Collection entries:
========
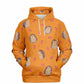 Orange hedgehogs Unisex Hoodie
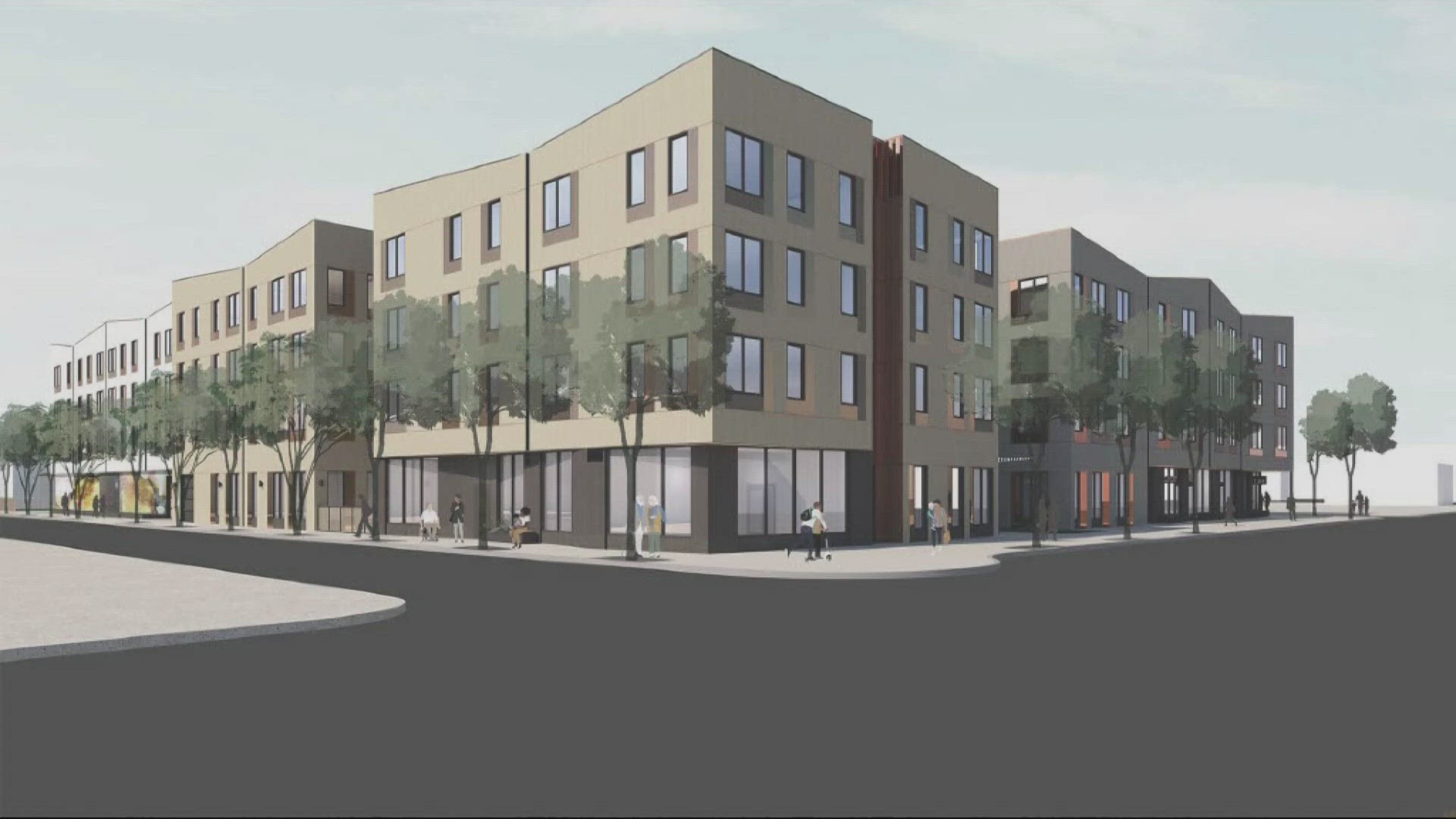 Glisan Landing is a new affordable housing complex coming to Montavilla. It will give low-income immigrants and refugees an opportunity to access affordable housing.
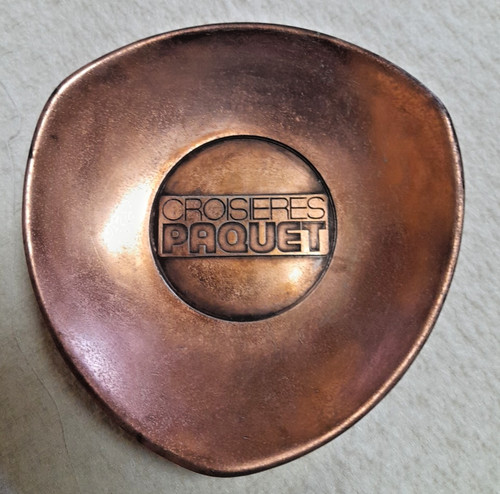 Vide poches cendrier metal - vide,
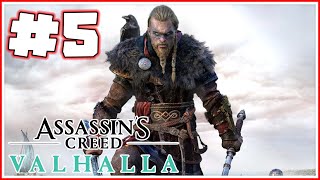 Assassin's Creed: Valhalla Walkthrough Gameplay Part 5 - Onwards (Xbox Series X Gameplay)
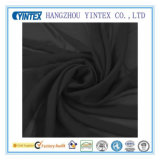Light Weight Solid Deyed Polyester Fabric for Home Textiles, Black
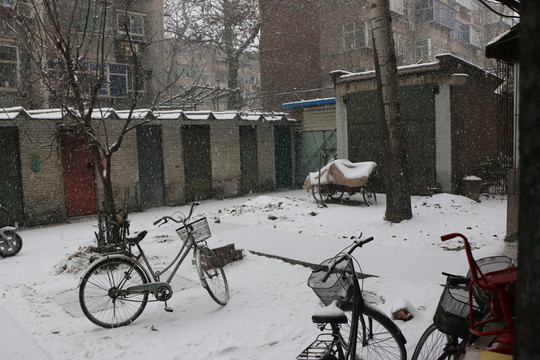 雪中小區(qū)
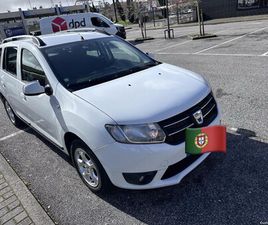 DACIA LOGAN MCV DEZEMBRO/14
========
§ Task instructions
Give the data again exactly. Keep the images out.

§ Response to this exercise
 Orange hedgehogs Unisex Hoodie
 Glisan Landing is a new affordable housing complex coming to Montavilla. It will give low-income immigrants and refugees an opportunity to access affordable housing.
 Vide poches cendrier metal - vide,
 Assassin's Creed: Valhalla Walkthrough Gameplay Part 5 - Onwards (Xbox Series X Gameplay)
Light Weight Solid Deyed Polyester Fabric for Home Textiles, Black
 雪中小區(qū)
 DACIA LOGAN MCV DEZEMBRO/14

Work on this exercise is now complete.